And, if you’ve been watching the Thrive menu closely, you saw $275,000 land in the Campus Café Reboot pot at the very moment the students made their decision. It was a fantastic and game-changing week for Thrive, and I can’t thank our students enough for making it happen.

Now fast-forward two weeks. Again, if you’ve been watching the menu, you saw yet another change. The price of the Café Reboot, the Students’ Pick, has gone up. A lot. It was $3,000,000. Today it’s $4,246,000.

I’ll let you chew on that a second.

“Wait…what?!” you’re now thinking. “We were less than a million away from the goal! The students just put $275,000 into that project! $1.2M is a lot of money! Why the change?”

We’ve promised since day one to shoot straight with you in Thrive. And that means giving you the truth when it’s easy and when it’s not so much. A $1.2M jump in the middle of the year is a tough pill to swallow, for sure. It was hard for me to get it down when I heard it, too.

But it’s the right pill.

Here’s why. Originally, we conceived developing a redesigned cafeteria in the existing Dining Hall. That’s the model you’ve seen on the Thrive menu and the message I’ve been sharing since day one. In this first iteration, exterior walls would have been removed from the dining area, fixed seating and contemporary food stations would have been added, and the student entrance would have been reconfigured.

It would have been a very positive and efficient change at approximately $3 million altogether. But there was a big, hairy “however” hanging in the wings of this plan: where would we host dining events on campus? The Alumni Banquet, Athletic Hall of Fame Dinner, preachers’ luncheons, scholarship luncheons, college and departmental dinners, prayer breakfasts, Chamber events, employee dinners, Campus Connect, Honors Lunch, and more…without a modular, banquet-style dining space, how would we manage those?

The hard and short answer is that we wouldn’t.

We’d gain a great student space (which is what we want first and foremost), but we’d lose nearly 20,000 square feet of banquet space for alumni and community events—space that would be very, very difficult and expensive to find again. (Building a free-standing banquet space or addition could easily run $4M to $7M on it’s own!)

And we wouldn’t be the only ones hurting. By taking this space away from United Dining, our food service provider (and $1M donor to the new Caf), we would erode their team’s ability to provide outside catering—a revenue driver that allows them to provide fuller and better service to OC and our students.

“Hmmm…” you’re thinking now.

At OC, we don’t like win-lose scenarios. They’re just not our style. So we went back to the drawing board looking for the win-win. And thanks to our clever partners at Glover, Smith, and Bode (GSB) and CMS Willowbrook, and the thoughtful leadership of Vice President Terry Winn, we have a new design that, I believe, is exactly that.

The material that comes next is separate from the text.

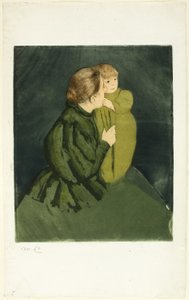 Peasant Mother and Child, c.1895 by Mary Stevenson Cassatt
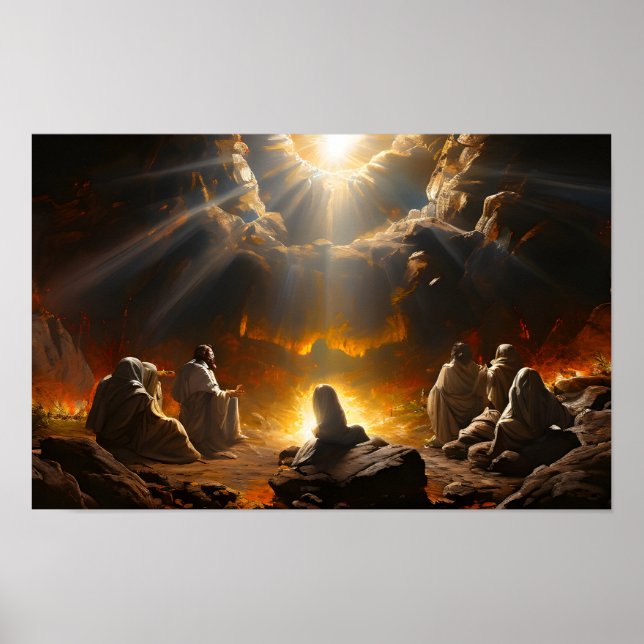 Jesus Christ resurrection  Poster (Front)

And, because I relish giving you peeks behind the curtain, here’s an early concept of that design:

Dining Hall Concept Schematic

Exterior Concept

Serving Concept

Interior Concept

All plans provided by GSB, Inc.

This new take on the Reboot proposes a 15,872 square foot addition to the northwest corner of the Gaylord University Center. An all-new space that will overlook one of the most beautiful spots on campus.

This revised plan directly addresses many of the weaknesses identified in the current cafeteria (and the first proposed reboot) and turns those factors into strengths: 

  • Location is central to student traffic, just off the main campus commons.
  • Wraparound windows on the north side overlook the Lawson Commons—which include the Freede Centennial Clocktower and McGraw Pavillion.
  • A diversity of fixed seating options will make the space feel more approachable, less institutional, and more like a comfortable, attractive restaurant where students can eat, work, and gather for hours at a time.
  • Students will scan in at the service area only, opening up the entire 11,500 square foot dining floor for “come and go” usage.
  • Serving area, which takes advantage of the existing kitchen, is being built from the ground up to facilitate contemporary food prep.
  • Wider and more natural queuing area, use of existing south banquet rooms for group events, and alternate serving lines will relieve congestion during busy hours.

All of these awesome things will happen while preserving the majority of the existing banquet hall. This will essentially double OC’s dining capacity and will allow us to accommodate daily student life and public events simultaneously.

So, yes, the price is going up considerably. But we’re getting a better, more student-centric dining area in a superior location AND a banquet hall for the price of one project. In fact, the price for resulting square foot of usable dining space is going down by more than a third.

That’s amazing. Means more work for our team and more generosity from the OC family, but I for one am all for it (and I hope you are too).

More soon.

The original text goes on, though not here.